===== Data extract
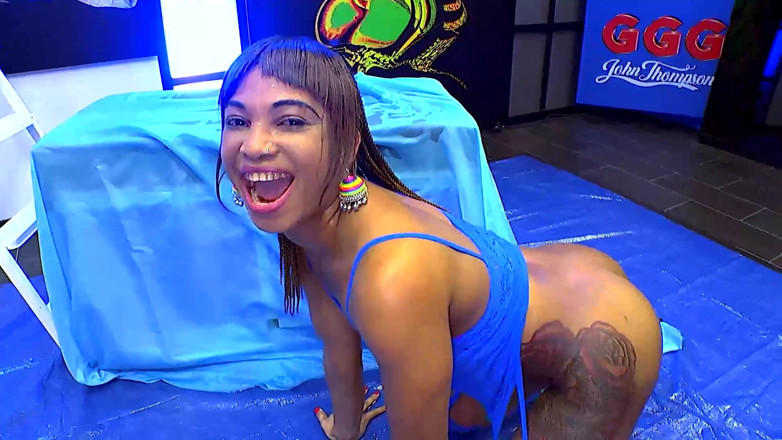 German Hardcore Gangbang: GGG John Thompson, latina, pisse, avalage de sperme, pisse dans...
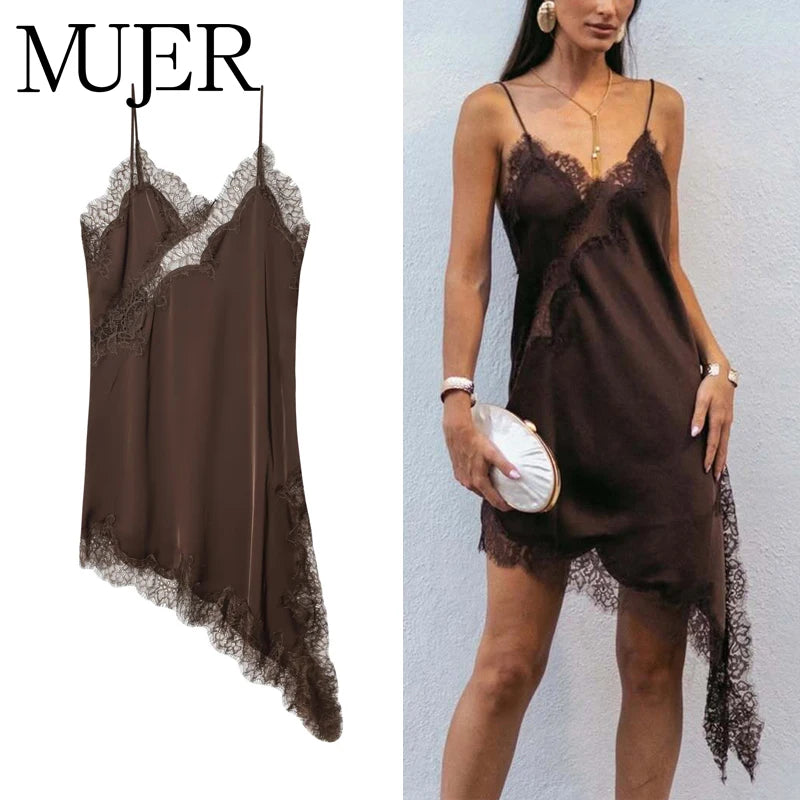 Robe Nuisette Satin – Dos Nu, Coupe Asymétrique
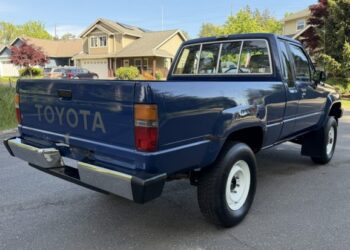 1987 Toyota Pickup XtraCab 4×4 5-Speed at No Reserve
==========
Task brief:
The expected result is the data above in exact form, free of pictures.

Your response:
 German Hardcore Gangbang: GGG John Thompson, latina, pisse, avalage de sperme, pisse dans...
 Robe Nuisette Satin – Dos Nu, Coupe Asymétrique
 1987 Toyota Pickup XtraCab 4×4 5-Speed at No Reserve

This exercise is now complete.